On Friday evening, we came together for the Evening Prayer, which was followed by a unique prayer ceremony centred around the cross. The joyous celebration of the light of the resurrection marked Saturday evening. Sundays commenced with the Eucharist at 10:00 am and came to a peaceful close with the Evening Prayer at 8:30 pm.

The Bells of Taizé

The use of the bells at the entrance of Taizé to mark the various prayer times throughout the day is a lovely tradition. The chiming of the bells at dawn, noon, and evening signalled us and the community to come together in prayer, fostering a sense of unity and reflection throughout the day.

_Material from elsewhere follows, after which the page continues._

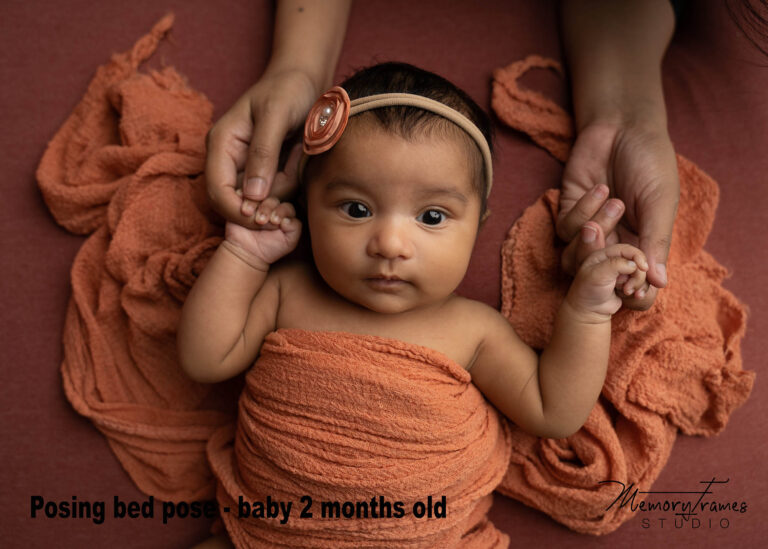 newborn baby holding parents hand for newborn photoshoot in newborn photographers studio, taking newborn photos at home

The Heart of Taizé’s Community Life

We engaged in all aspects of community life throughout the week, which included three Taizé services, biblical lessons, reflective sessions, small group discussions, community service activities, and afternoon electives.

In the mornings, Bible introductions were led by a brother of the community, followed by small group discussions with the same groups maintained throughout the week. We could choose from various themed activities and workshops in the afternoons, covering subjects like art, poetry, music, justice and peace commitment, ecology, and more.

Contemplation and Walks

At Taizé, silence has a central place, and places are intended for spending a long time in silence, like the village church, the church of Reconciliation, or the St Stephen Spring. In the afternoons, we often ventured out for walks in the picturesque surroundings of St. Etienne Source. The lush, rolling hills, vineyards, and quaint French villages provided the perfect backdrop for contemplation and conversations with friends. These walks allowed us to process our spiritual experiences further and connect with the beauty of the natural world.

Volunteer Work

Throughout the week, between prayers and Bible introductions, we also engaged in practical community work as part of a team doing community chores, like serving meals, washing dishes, collecting trash, sweeping the common areas, cleaning the bathrooms, or helping with communication/translation. These activities allowed us to contribute to the communal life of Taizé and connect with the principles of simplicity and service.

Connections at the Oyak

We had the opportunity to relax and connect at Oyak, a non-profit café offering a variety of snacks and drinks and the only place at Taizé that opens daily in the early afternoon and after the evening prayer until 11 pm. It was a wonderful space where we met new people, shared our stories, cultures, traditions, and faith, discussed our areas of work, and exchanged ideas and contact information. The experience was beautiful and enriching.

Free from Distractions

Sitting quietly in the outdoor areas during the day or spending moments under the starlit sky in the absence of distractions like smartphones and the internet made these moments at Taizé even more precious, reinforcing our connection with one another and with the present moment which can be hard to achieve in our digitally connected world.

Gratitude and Memories

Leaving Taizé was bittersweet, but we departed with a profound sense of gratitude for the opportunity to spend a week in this haven of tranquillity, surrounded by friends who had become like family.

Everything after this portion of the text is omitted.